- YOUR ASSIGNMENT -
What is needed is the exact text of each line in the listing below from the one with "Talbots Oprah Magazine" up to and including the one with "Fashion Black Canvas", and no pictures.

- INFORMATION SHOWN -
◆ ◆ ◆ ◆

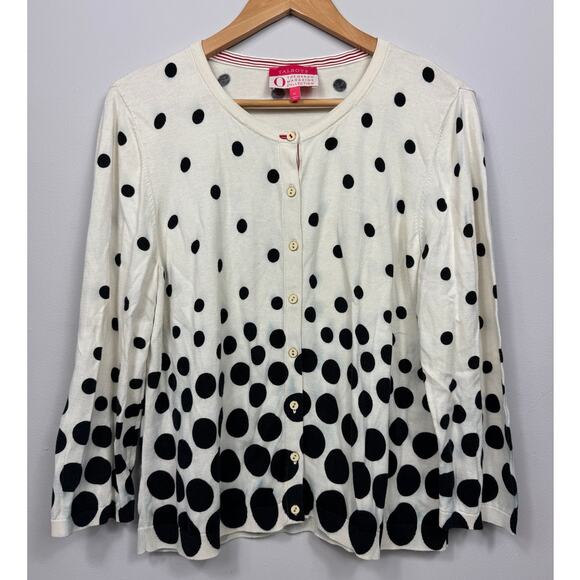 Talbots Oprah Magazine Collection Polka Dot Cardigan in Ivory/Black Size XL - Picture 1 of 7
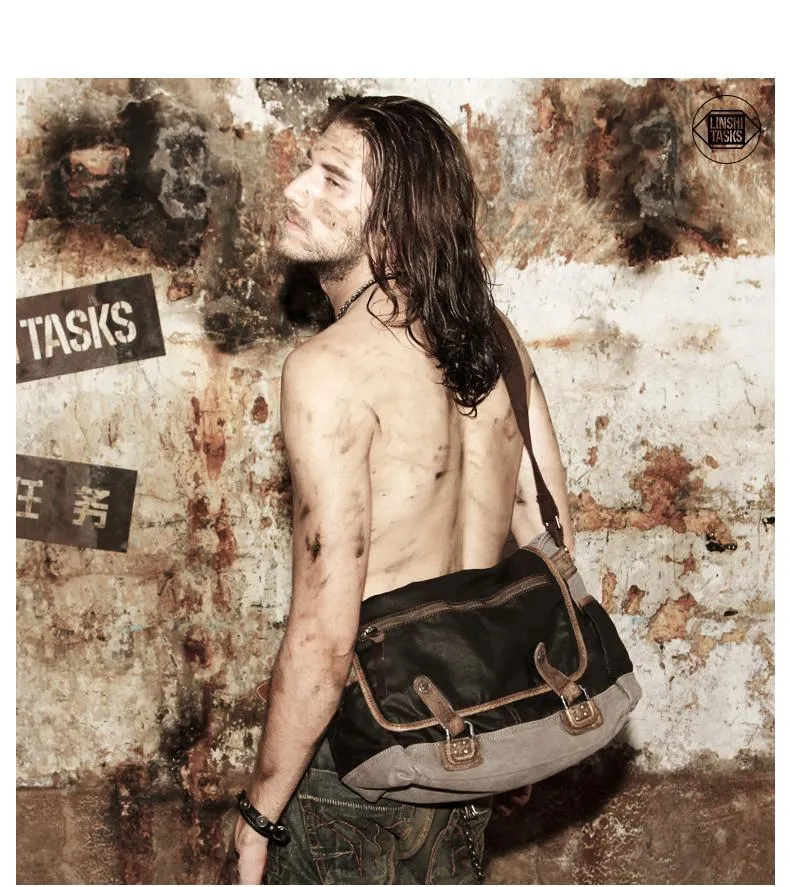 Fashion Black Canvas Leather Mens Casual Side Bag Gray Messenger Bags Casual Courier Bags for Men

◆ ◆ ◆ ◆

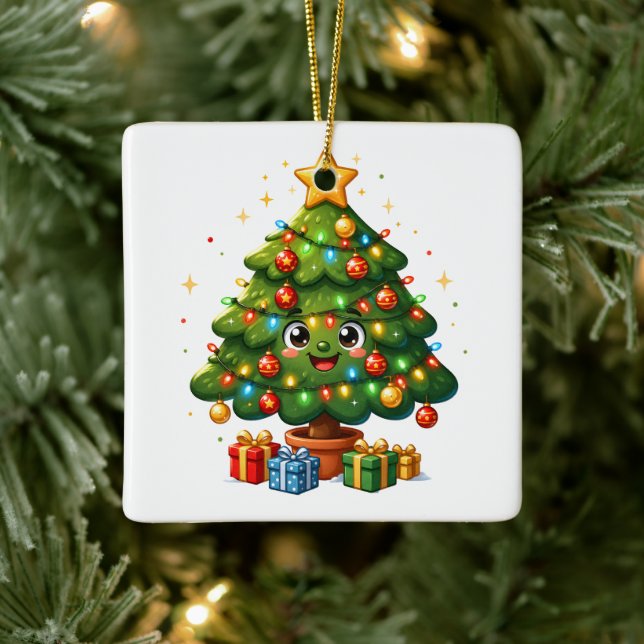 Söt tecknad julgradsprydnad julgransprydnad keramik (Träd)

◆ ◆ ◆ ◆

- WRITTEN ANSWER -
 Talbots Oprah Magazine Collection Polka Dot Cardigan in Ivory/Black Size XL - Picture 1 of 7
 Fashion Black Canvas Leather Mens Casual Side Bag Gray Messenger Bags Casual Courier Bags for Men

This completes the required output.